# Scrape for Committee's Contribution Records

This notebook scrapes from the [Wayne County Finance System](https://wccampaignfinance.com/Public/ReceiptsList) for committees' contribution records and saves them into a CSV file called [contributions.csv](../data/contributions.csv) in the data folder. It should be noted that this process takes a long time, so it's recommended that this should only be run for a few minutes for testing. A sufficient amount of data had already been scraped and put into the contributions.csv file and is readily available for immediate use. This function is not efficient and can be prone to breaking if the loading time between each command is too long. 

The next function of this notebook will read data from the contributions.csv file and generate pie charts with dynamic hovering for a provided committee's name. Names that correspond to multiple zip codes will have multiple pie charts, one for each zip code.
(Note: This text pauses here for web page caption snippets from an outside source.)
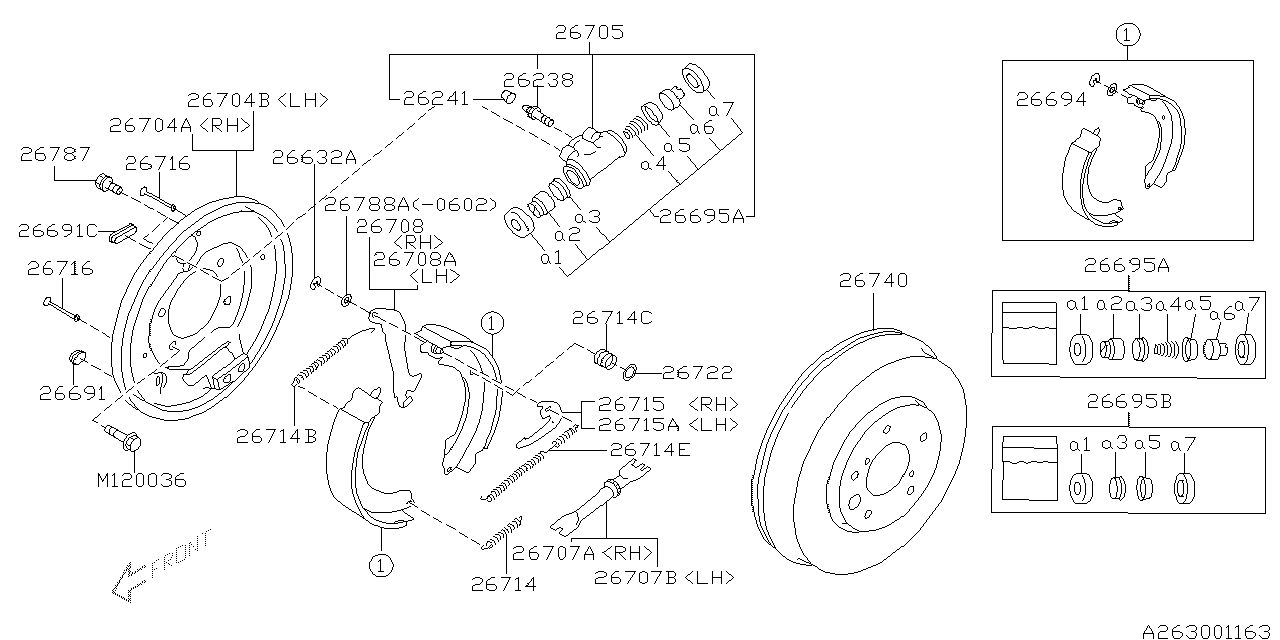 Subaru 26708AE001 Parking Lever Rear RH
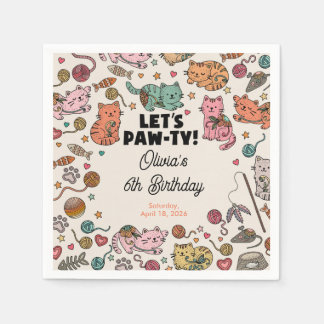 Serviette En Papier Serviettes pour fête d'anniversaire de chaton mign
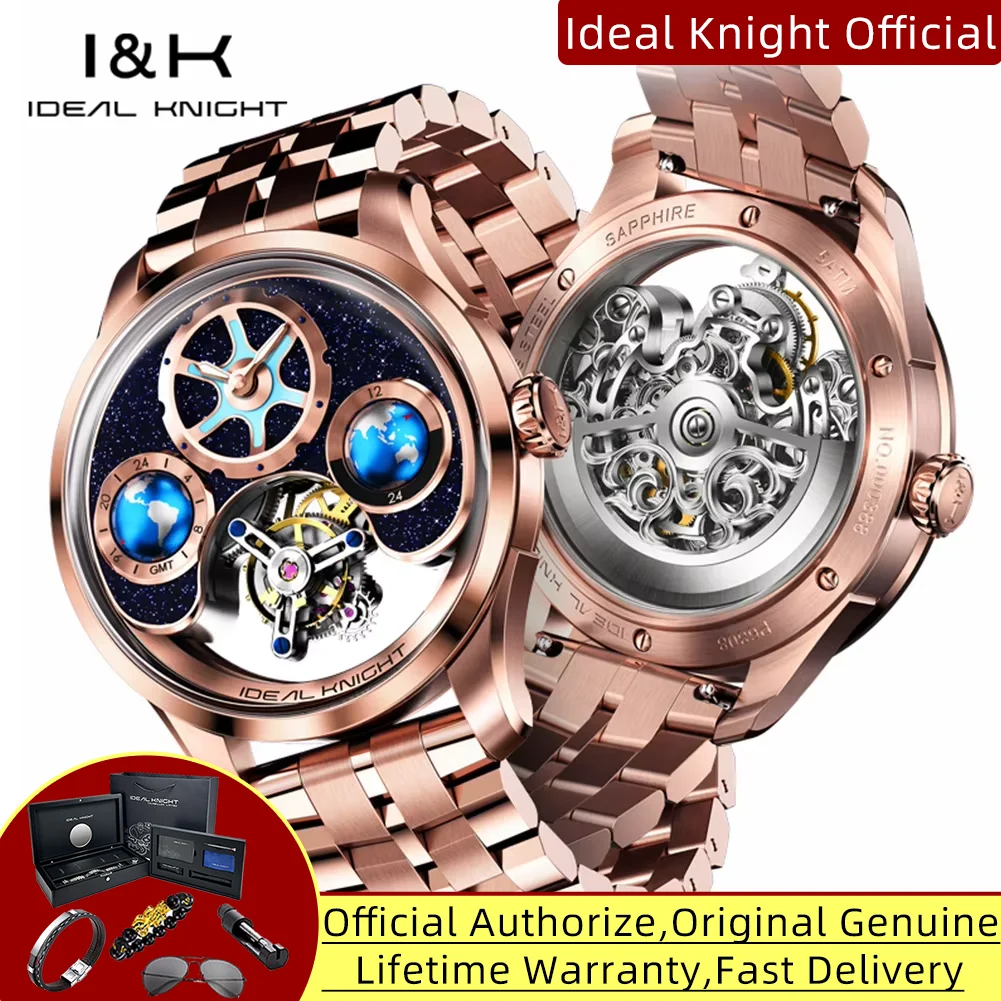 

IDEAL KNIGHT 6808, автоматические механические часы с настоящим турбийоном для мужчин, GMT, настройка нескольких временных зон, элитные мужские наручные часы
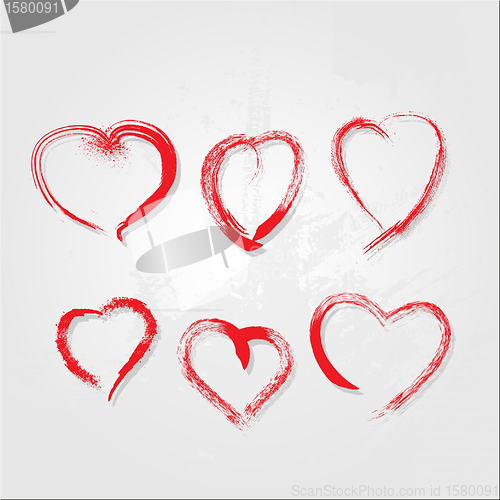 Image of set of scribble hearts with grungy texture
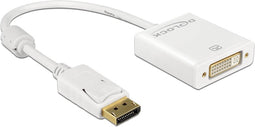 DeLOCK premium DisplayPort naar DVI actieve adapter - DP1.2 (1920 x 1200) / wit - 0,20 meter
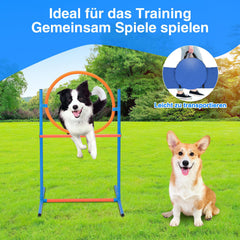 Jopassy Hunde Agility Set mit Tunnel Hürde Slalomstangen und Tragetasche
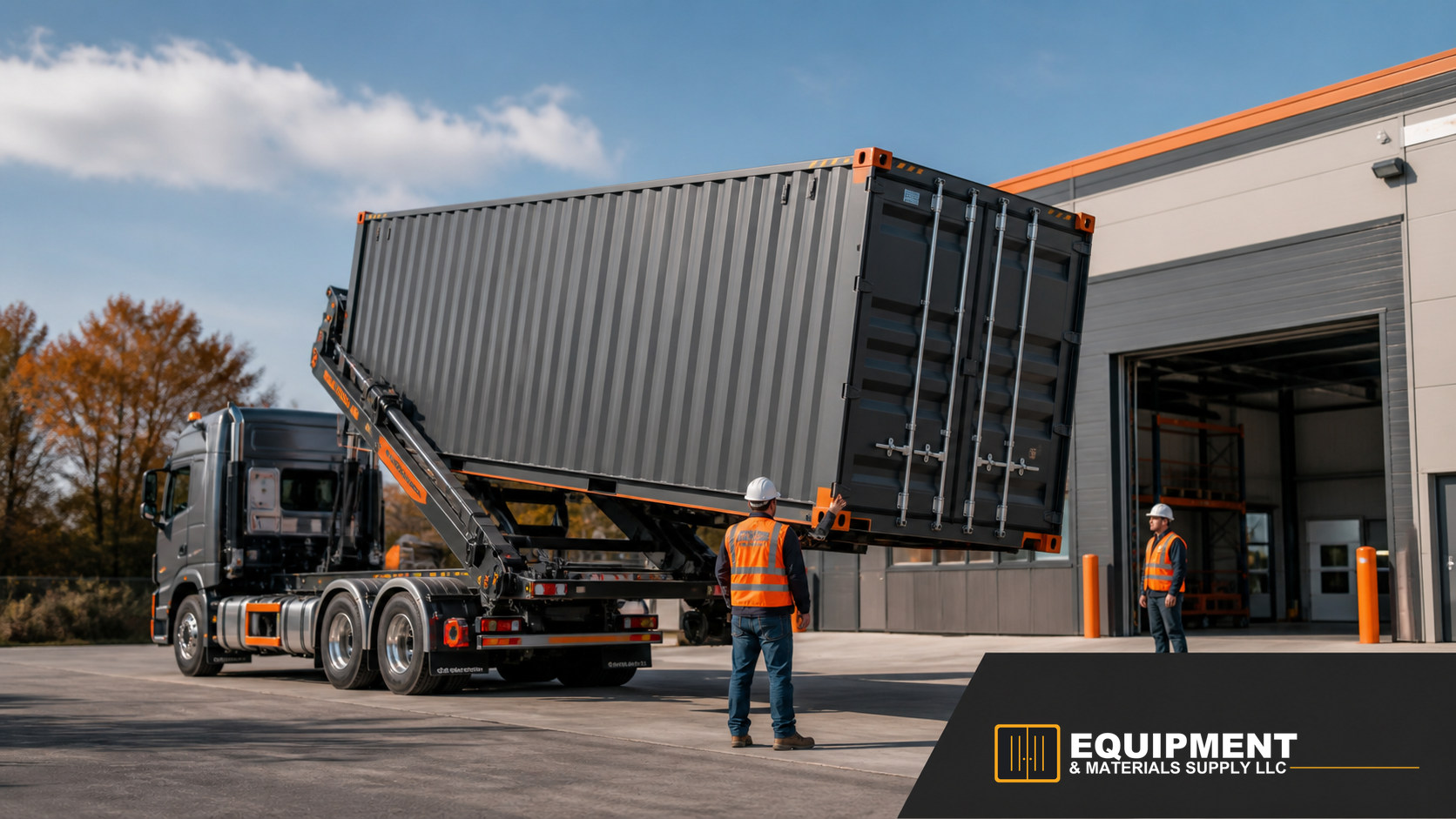 Equipment & Materials Supply coordinating shipping-container and equipment delivery directly to a customer.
This is to ensure that different people with the same name are not grouped into the same pie chart.    

## Imports

In [1]:
# Selenium & WebDriver
from selenium import webdriver
from selenium.webdriver import FirefoxOptions
from selenium.webdriver.common.by import By
from selenium.webdriver.firefox.service import Service

# Others
import time
import pandas as pd
import numpy as np
from io import StringIO
from datetime import datetime
import matplotlib.pyplot as plt
import seaborn as sns
import plotly.graph_objects as go
from plotly.subplots import make_subplots
import re
import random
import shutil

## Scraping

In [2]:
def get_driver():
    '''
    Initialize a Selenium Firefox WebDriver 

    Returns:
    WebDriver: An instance of a Firefox WebDriver.
                If the driver cannot be started in normal mode, it falls back to headless mode.
                Returns the driver

    Notes:
    - The function attempts to start the driver in regular mode first. 
    - If there is an error starting the driver, it will attempt to start it in headless mode.
    '''
    gecko_path = shutil.which("geckodriver")
    service = Service(executable_path=gecko_path)
    opts = webdriver.FirefoxOptions()
    try: # Try starting a regular driver
        driver = webdriver.Firefox(service=service, options=opts)
    except: # If not possible, start a headless/invisible driver
        opts.add_argument("--headless")
        driver = webdriver.Firefox(service=service, options=opts)
        print('Headless/Invisible Driver')
    return driver

In [3]:
# Boot up a Firefox webdriver
driver = get_driver() # This might take a while to boot up
time.sleep(3)

url = "https://wccampaignfinance.com/Public/ReceiptsList" # go to the Wayne County Contribution Record
driver.get(url)
time.sleep(2)

In [4]:
element = driver.find_element(By.XPATH, f"//input[@id='btnContinue']") # Click on the 'Continue' button
element.click()
time.sleep(3)

element = driver.find_element(By.XPATH, f"//select[@id='FilingPeriodName']") # Click on the 'Reporting Period' dropdown menu
element.click()
time.sleep(1)

element = element.find_element(By.XPATH, f".//option[@value='']") # Select the empty value in the dropdown to capture all periods
element.click()
time.sleep(1)

In [None]:
official_df = pd.read_excel('../data/List_of_names_1_7_2.xlsx') #  # Read in the List of provided names csv
def get_contribution_df(last_name, first_name, selenium_id, df=None):
    """
    Scrapes and returns a DataFrame of contribution records for a given contributor using Selenium.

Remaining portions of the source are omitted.